- A combination of factors prompted some selling around USD/JPY on Wednesday.
- A cautious mood benefitted the safe-haven JPY amid a subdued USD price action.
- The downside seems cushioned as the focus remains on the FOMC policy decision.
The USD/JPY pair broke down of its consolidative trading range and dropped below the key 110.00 psychological mark during the early European session.
Having stalled its recent positive move near a descending trend-line resistance, the USD/JPY pair edged lower on Wednesday and moved away from over one-week tops touched in the previous day. The downtick was sponsored by a combination of factors, though the downside seems limited ahead of the highly-anticipated FOMC policy decision.
Investors turned cautious heading into the key event risk, which was evident from a softer tone around the equity markets. This, in turn, benefitted the safe-haven Japanese yen and exerted some pressure on the USD/JPY pair. Bearish traders further took cues from a downtick in the US Treasury bond yields, which kept the US dollar bulls on the defensive.
That said, expectations for a less dovish Fed might help put a tentative floor under the greenback and extend some support to the USD/JPY pair. Investors might have started pricing in the prospects for an earlier stimulus withdrawal amid worries about rising inflationary pressure, further fueled by Tuesday’s hotter-than-expected US Producer Price Index.

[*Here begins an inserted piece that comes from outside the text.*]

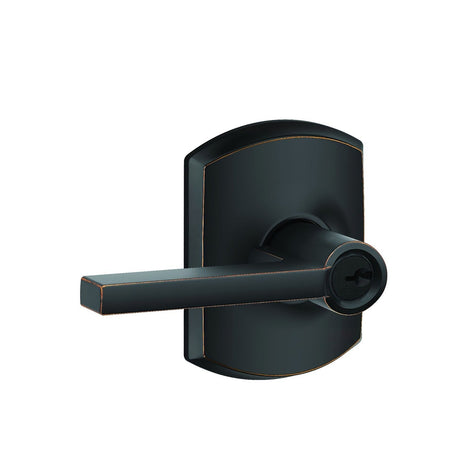 Schlage F51ALAT716GRW aged bronze keyed entry door lever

Hence, market participants will look for clues about a possible change in the policy outlook and if members have started the discussion to taper the current $120 billion in monthly bond purchases. This will play a key role in influencing the near-term USD price dynamics and assist traders to determine the next leg of a directional move for the USD/JPY pair.
In the meantime, the broader market risk sentiment, along with the US bond yields might provide some impetus and allow traders to grab some short-term opportunities around the USD/JPY pair.